A Gift Trust allows you to make gifts to your children or other beneficiaries, protect those gifts from the beneficiaries or their creditors, and still utilize your annual Gift Tax exclusion.
Gifting is a great estate planning strategy. A gift provides a specific monetary benefit to the recipient, and every dollar gifted is removed from the donor’s taxable estate. However, for some recipients, an outright gift may do more harm than good.
The problem with making an outright gift is that the recipient can do whatever they want with it. For some people (gamblers, those with substance abuse issues, etc.) an outright gift can enable destructive behavior. For others (minors, inexperienced twenty-somethings, poor money-managers) an outright gift is just a bad idea. Still further, even responsible recipients could be involved in a car accident, or face an involuntary lawsuit that would put the gift in jeopardy.

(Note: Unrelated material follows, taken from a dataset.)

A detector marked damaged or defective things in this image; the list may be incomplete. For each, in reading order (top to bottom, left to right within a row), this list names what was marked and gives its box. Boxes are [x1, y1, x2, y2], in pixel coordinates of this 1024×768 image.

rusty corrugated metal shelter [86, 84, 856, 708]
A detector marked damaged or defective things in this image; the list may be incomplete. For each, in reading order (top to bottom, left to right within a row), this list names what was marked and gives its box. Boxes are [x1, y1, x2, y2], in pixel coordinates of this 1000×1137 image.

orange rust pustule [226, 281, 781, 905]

Fortunately, gifts made to a trust can provide the monetary benefit, for the right reasons, and be protected from the beneficiaries and their creditors. But gifting to a trust can have tax consequences. Each person can gift $14,000 per person per year (and married couples can gift double). This is called the Gift Tax Annual Exclusion. In order to be eligible for this exclusion, the gift must be of a present interest. This means that the recipient must have the immediate ability to use the gift. Most trusts do not give that ability to the beneficiaries.

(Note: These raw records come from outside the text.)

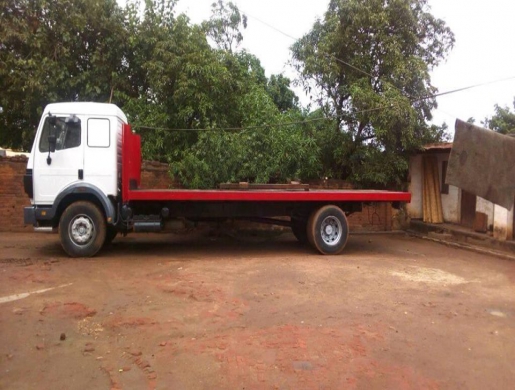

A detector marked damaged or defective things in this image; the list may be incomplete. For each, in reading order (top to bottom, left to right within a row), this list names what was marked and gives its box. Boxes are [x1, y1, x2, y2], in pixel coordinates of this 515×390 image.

rusty metal sheet [446, 119, 515, 210]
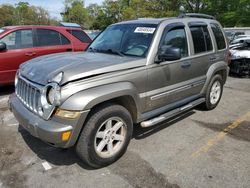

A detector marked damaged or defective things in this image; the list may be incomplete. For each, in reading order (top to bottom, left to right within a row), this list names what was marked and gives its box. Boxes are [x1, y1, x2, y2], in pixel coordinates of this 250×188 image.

damaged hood [20, 51, 146, 85]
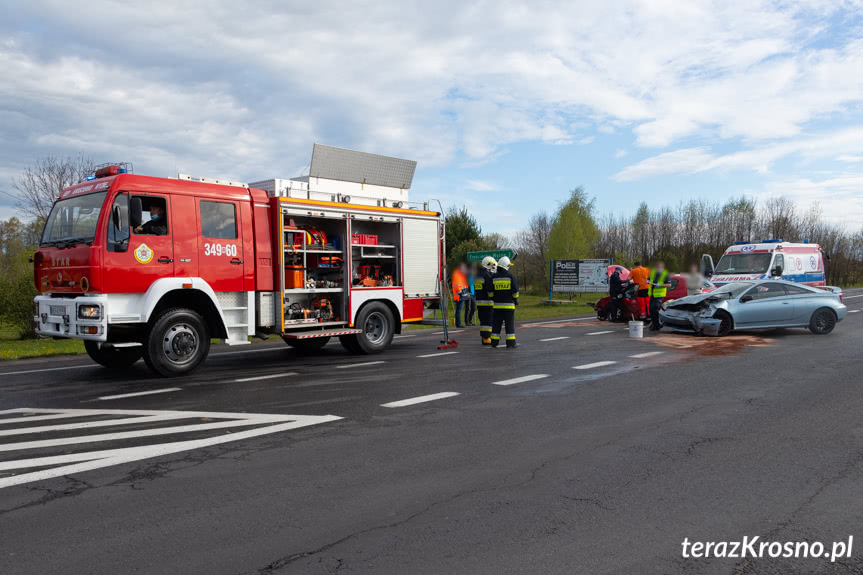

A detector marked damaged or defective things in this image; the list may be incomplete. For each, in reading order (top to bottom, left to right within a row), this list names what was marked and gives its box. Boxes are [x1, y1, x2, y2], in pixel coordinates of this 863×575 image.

damaged silver car [660, 280, 848, 338]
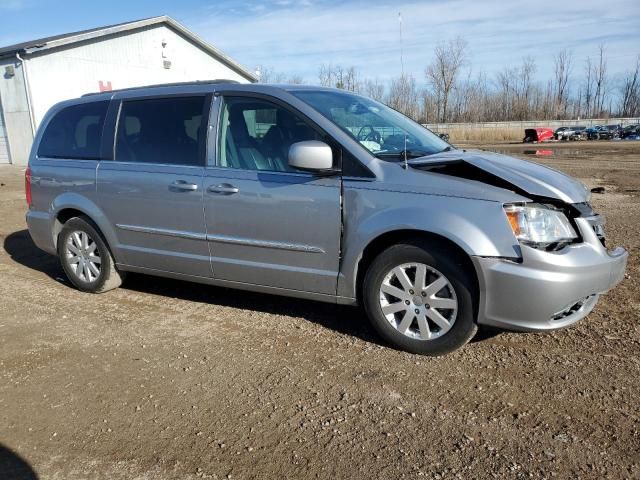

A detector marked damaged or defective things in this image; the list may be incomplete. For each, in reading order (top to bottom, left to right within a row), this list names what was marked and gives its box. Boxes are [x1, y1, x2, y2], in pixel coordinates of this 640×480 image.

crumpled hood [410, 149, 592, 203]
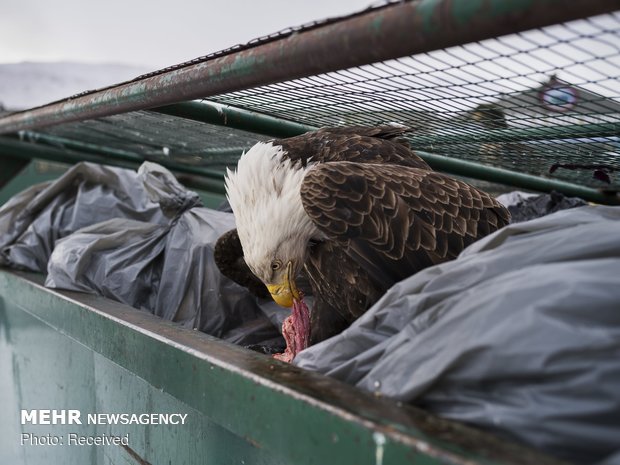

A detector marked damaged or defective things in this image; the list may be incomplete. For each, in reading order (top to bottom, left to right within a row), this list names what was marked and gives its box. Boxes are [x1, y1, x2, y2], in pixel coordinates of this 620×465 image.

rusty metal bar [0, 0, 616, 134]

Luckily, there is a technique that allows us to utilize the annual exclusion within the trust context. The technique involves sending letters to beneficiaries every time that a gift is made to the Gift Trust. The letters grant the beneficiaries a temporary right to withdraw those gifts, which renders the gifts into present interests eligible for the annual exclusion. The withdrawal powers are called Crummey powers, and the letters are Crummey letters, because the first person to do this was named Crummey, and he was the plaintiff in a Tax Court case on the issue.
Of course the donor would be sure to explain to the beneficiaries that they should not exercise their withdrawal power. So it is said that, “The first exercise of a Crummey power is the last exercise of a Crummey power.”